As I get closer to starting my senior year of college (that came fast) I wanted to write a letter to my future self about some things she needs to do as she prepares to enter the “real world”. Using FutureMe.org I’ll actually get this letter emailed to me on the day of my graduation. It’ll also be here so I can look at it on that day as well but I don’t know if I’ll remember. I recommend all my fellow rising seniors do this too. It’s cool all the things that I found myself writing to myself and these all things I hope to start doing from now. Feel free to add your own letters to your future selves in the comments below.
Dear College Grad,
Congratulations, you made it. After four years of hard work, friendships, drama, and some heartache you’ve survived all the way to the end and I couldn’t be more proud. You’ll thank everyone who helped you get here but don’t forget to thank yourself. It wasn’t easy but you did it.
As you leave Georgetown and head on to do big things there’s some things we have to discuss. I have some hopes for us and not just the usual stuff of making it big and reaching our dreams. I mean the other stuff like being a good person and loving you for you. There’s some things I need to make sure you do as you go out into the real world (or grad school).
First, love yourself. I’m not saying be self-absorbed I’m saying love yourself. Love you for you. Stop comparing yourself to everyone around you and thinking you’re not good enough or pretty enough or even smart enough. Know that you are beautiful and wonderful just the way you are. It’s great when someone else says it but make sure you tell yourself how much you love you. It’s important.
Second, forgive people. I mean really forgive people. Not the fake, “Haha, yeah, we’re all good, no worries.” I mean really forgive them. Don’t dwell on how someone hurt you. Don’t let someone’s hateful words alter who you are. Let it go. Hating someone or resenting them for the rest of your life only hurts you and does nothing to them. Also forgive yourself. Don’t keep reminding yourself of your own mistakes and mess ups. It’ll happen but you just have to learn from it and push on. You have other things to worry about then obsessing over something in the past.
Third, always be open to trying new things. Try doing something you’ve never done before. Go wind surfing or scuba diving. Or audition for something. Don’t close yourself off to things. You can do anything you want to do. Just try it.
Four, let people in. I know this is easier said then done but we’ve never been the most open person. Talking about our favorite TV show or the newest Demi Lovato album, that’s easy. Talking about things that really matter like when we lose someone close to us or when we just feel upset about something or even being honest about how we feel about someone? That’s a bit harder. Truth is we have this tendency to hold in the big stuff. We hate asking for help when we need it and we run from the big stuff. That’s got to change. We can’t just keep writing it all down in our journal. Open up a little bit. I’m sure it won’t kill you. It might even make you better.

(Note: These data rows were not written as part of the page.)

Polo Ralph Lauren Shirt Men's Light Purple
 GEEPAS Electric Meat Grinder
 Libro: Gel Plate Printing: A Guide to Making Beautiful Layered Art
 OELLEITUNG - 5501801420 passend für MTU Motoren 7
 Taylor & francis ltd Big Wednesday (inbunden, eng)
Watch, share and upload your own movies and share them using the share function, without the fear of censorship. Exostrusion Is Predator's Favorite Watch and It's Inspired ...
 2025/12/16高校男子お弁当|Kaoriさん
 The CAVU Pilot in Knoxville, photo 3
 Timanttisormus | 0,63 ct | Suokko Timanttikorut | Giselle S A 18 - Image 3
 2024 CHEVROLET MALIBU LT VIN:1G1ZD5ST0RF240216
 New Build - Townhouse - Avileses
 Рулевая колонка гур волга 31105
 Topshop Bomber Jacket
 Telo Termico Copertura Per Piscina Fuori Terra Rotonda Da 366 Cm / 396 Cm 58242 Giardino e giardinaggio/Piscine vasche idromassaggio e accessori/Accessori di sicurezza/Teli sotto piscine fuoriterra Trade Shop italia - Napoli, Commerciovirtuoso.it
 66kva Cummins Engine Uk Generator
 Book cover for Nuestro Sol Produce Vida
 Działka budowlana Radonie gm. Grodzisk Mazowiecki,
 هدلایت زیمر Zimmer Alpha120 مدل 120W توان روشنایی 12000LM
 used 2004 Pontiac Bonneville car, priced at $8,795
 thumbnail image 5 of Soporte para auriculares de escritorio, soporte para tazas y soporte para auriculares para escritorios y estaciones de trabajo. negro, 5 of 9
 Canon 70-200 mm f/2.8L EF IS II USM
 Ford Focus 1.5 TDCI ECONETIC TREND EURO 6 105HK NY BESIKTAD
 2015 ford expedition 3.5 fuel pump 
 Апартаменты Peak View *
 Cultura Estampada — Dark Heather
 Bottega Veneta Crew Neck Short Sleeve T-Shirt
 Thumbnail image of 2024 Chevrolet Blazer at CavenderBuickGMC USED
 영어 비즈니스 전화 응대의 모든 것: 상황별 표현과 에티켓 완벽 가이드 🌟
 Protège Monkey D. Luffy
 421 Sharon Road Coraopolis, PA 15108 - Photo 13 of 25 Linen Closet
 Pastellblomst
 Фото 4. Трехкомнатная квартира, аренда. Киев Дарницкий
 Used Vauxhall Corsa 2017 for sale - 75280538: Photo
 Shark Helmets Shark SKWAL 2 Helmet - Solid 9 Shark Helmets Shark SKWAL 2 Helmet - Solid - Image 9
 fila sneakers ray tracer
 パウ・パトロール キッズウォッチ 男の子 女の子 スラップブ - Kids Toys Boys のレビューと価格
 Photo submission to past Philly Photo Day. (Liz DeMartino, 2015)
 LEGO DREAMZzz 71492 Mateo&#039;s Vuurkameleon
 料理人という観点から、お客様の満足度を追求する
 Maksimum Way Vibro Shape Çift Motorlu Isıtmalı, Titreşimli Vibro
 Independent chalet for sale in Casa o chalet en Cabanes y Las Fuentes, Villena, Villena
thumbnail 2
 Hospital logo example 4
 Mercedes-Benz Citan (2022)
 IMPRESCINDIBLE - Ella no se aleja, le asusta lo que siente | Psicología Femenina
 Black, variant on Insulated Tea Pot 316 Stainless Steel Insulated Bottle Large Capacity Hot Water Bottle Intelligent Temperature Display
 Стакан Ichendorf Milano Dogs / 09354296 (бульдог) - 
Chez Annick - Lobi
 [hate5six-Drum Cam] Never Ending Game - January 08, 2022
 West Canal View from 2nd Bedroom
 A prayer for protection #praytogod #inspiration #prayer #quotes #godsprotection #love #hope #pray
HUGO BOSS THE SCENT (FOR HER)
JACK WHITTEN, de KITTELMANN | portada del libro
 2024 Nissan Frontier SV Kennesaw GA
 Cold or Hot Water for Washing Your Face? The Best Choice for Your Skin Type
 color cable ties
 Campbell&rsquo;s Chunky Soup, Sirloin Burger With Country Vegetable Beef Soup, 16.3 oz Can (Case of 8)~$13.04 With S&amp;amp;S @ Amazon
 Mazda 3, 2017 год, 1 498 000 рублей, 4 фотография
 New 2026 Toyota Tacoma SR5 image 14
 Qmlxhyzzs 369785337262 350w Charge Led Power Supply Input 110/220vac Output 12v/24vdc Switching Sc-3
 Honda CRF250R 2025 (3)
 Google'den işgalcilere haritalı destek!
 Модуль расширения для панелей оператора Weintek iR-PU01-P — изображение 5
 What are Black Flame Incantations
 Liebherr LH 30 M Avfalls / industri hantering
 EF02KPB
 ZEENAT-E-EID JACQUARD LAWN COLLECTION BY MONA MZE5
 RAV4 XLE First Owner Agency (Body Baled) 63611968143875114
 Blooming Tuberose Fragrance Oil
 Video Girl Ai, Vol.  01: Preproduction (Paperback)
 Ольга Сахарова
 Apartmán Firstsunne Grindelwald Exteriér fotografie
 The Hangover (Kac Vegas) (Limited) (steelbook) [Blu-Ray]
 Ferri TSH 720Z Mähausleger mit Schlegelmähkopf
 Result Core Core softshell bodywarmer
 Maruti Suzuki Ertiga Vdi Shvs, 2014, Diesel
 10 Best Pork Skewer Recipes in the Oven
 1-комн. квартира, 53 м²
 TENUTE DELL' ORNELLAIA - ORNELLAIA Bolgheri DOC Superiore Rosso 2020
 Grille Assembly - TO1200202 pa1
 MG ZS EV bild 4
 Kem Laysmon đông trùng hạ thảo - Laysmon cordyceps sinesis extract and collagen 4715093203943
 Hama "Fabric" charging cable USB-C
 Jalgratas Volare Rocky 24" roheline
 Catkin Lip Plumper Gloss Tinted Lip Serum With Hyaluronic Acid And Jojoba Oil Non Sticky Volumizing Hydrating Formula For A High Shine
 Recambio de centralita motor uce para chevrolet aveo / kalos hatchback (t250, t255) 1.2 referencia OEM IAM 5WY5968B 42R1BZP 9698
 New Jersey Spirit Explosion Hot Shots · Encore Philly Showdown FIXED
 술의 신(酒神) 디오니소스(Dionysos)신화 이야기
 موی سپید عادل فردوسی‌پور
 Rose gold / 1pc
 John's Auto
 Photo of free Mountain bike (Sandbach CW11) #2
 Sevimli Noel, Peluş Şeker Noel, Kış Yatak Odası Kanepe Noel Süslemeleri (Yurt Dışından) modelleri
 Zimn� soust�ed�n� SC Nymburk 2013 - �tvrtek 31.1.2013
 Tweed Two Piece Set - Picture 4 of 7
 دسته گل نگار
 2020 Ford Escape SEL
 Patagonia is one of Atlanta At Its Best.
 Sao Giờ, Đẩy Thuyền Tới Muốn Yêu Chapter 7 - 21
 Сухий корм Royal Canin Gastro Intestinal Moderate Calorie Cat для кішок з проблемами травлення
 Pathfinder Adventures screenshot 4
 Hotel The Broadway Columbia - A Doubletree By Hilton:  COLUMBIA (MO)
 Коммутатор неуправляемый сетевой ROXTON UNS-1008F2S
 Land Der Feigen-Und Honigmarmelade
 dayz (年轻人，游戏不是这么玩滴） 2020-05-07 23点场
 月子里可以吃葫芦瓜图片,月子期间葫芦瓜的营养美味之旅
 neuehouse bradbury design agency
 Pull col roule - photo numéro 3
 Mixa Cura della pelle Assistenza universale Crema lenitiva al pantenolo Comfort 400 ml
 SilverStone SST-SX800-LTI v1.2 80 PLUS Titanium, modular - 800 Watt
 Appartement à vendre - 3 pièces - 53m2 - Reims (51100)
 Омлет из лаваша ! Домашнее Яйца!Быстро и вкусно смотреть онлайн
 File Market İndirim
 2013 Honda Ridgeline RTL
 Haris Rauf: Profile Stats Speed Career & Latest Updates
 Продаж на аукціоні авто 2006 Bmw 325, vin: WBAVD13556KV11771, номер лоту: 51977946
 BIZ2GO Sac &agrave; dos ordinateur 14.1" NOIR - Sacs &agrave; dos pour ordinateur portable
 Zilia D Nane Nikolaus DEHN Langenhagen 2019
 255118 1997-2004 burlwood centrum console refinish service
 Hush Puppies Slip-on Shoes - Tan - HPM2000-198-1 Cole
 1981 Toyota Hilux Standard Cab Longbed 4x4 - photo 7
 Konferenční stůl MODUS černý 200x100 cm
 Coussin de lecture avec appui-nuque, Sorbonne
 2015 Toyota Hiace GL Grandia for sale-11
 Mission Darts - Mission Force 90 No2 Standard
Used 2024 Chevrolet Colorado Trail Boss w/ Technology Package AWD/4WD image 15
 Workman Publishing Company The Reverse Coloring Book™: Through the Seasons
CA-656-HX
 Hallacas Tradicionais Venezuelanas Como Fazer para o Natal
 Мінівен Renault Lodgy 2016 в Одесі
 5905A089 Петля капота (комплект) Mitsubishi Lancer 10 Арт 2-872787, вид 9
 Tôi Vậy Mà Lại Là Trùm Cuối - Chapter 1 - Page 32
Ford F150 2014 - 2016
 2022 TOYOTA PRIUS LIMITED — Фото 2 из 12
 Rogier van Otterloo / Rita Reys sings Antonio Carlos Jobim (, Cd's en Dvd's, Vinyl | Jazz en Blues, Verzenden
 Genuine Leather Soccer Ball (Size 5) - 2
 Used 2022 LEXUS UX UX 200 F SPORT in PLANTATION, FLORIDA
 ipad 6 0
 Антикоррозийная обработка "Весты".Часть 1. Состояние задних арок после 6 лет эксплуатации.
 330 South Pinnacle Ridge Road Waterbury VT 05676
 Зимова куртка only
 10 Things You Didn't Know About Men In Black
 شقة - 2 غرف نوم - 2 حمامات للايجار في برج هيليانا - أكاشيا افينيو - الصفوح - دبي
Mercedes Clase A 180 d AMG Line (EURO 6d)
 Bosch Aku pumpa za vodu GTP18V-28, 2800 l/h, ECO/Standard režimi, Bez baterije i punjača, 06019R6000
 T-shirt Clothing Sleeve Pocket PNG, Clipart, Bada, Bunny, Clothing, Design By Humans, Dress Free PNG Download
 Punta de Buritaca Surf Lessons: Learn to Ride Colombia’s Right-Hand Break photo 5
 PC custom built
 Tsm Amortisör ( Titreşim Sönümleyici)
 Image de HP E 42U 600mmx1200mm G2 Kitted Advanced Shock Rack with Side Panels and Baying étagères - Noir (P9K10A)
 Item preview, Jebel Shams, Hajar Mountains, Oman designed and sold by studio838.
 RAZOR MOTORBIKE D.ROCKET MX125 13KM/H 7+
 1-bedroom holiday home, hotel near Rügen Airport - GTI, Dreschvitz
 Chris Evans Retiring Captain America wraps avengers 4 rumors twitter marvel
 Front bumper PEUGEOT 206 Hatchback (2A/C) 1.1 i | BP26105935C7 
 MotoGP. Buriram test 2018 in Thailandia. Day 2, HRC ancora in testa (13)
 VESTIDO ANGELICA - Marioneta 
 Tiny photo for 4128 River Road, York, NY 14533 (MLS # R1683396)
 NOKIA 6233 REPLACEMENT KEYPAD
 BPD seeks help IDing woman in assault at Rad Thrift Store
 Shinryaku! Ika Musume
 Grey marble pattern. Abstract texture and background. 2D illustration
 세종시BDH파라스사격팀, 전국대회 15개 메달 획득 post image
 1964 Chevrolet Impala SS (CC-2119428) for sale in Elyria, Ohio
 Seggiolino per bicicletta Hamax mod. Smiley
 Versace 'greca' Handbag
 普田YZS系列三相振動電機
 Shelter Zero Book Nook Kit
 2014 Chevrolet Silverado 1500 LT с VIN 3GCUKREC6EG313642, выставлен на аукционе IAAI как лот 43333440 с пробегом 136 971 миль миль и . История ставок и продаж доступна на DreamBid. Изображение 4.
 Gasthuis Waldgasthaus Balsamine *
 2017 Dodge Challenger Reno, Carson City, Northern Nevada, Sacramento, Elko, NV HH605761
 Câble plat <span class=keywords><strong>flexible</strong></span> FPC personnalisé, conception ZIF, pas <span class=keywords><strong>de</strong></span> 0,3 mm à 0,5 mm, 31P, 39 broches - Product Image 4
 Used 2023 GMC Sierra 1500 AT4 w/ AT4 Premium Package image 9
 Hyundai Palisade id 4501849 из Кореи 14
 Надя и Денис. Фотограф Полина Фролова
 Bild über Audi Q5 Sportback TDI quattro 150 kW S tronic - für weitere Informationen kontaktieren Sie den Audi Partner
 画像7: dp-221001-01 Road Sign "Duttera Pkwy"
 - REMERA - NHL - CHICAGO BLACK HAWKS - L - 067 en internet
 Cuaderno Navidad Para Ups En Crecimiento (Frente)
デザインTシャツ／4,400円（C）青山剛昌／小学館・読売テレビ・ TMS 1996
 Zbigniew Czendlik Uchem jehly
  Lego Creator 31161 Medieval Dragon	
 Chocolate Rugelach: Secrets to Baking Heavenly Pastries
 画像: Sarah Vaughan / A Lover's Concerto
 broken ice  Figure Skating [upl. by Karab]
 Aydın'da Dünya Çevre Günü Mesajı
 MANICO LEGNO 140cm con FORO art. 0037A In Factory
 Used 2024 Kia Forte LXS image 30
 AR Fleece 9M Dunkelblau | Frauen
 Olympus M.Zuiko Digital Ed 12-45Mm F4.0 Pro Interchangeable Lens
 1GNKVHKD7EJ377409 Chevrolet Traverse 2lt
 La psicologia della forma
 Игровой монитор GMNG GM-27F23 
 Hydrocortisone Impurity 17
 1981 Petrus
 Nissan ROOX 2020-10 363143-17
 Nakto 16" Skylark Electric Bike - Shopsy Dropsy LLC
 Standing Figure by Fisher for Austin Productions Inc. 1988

Five, never give up on your dreams. We have a lot of dreams. From wanting to be a best selling author to having a family and living in the house with the white picket fence our dreams are big and small. And they vary on a day to day basis. It doesn’t matter what your dreams are just don’t give up on them. Don’t settle for the easy thing and don’t let anyone ever tell you you can’t do it. Not even yourself. Dream big, aim high, and don’t let one “no” stop you from picking yourself up and trying again. Whatever you want to do, do it.
Six, treat others the way you want to be treated. This one is an oldie but it still holds true. Treat people with kindness. Help people when they need help. Don’t turn a blind eye when someone asks for help. Better yet volunteer to help out before someone even asks. Be kind. Be caring. Listen to people. Actually listen to them, not passively but actively. Be there for people the way you might one day need them to be there for you. Just treat them the way you’d want to be treated and you’ll do fine.
Seven, love hard. And tell the people you love, that you love them everyday. We’ve learned the hard way how fast someone can just be gone. Don’t let days or even weeks go by without talking to the people who matter. Let them know how much they mean to you and spend time with them while you can. Whether it’s family, friends, a boyfriend, or whoever. Don’t hide from how much they mean to you. Embrace it. Loved ones are good. Cherish them.
Lastly, be happy. Be really happy. Smile whenever you can. Laugh whenever you’re able. Do whatever makes you happy. Surround yourself with people who make you happy but also know how to be happy by yourself. Obviously you’re not always going to be happy but I challenge you to find a way to smile even through the hard times, the sad times, and the worst times. If you can do that then I know we’ll be okay.
Good luck and conGRADulations. We did it!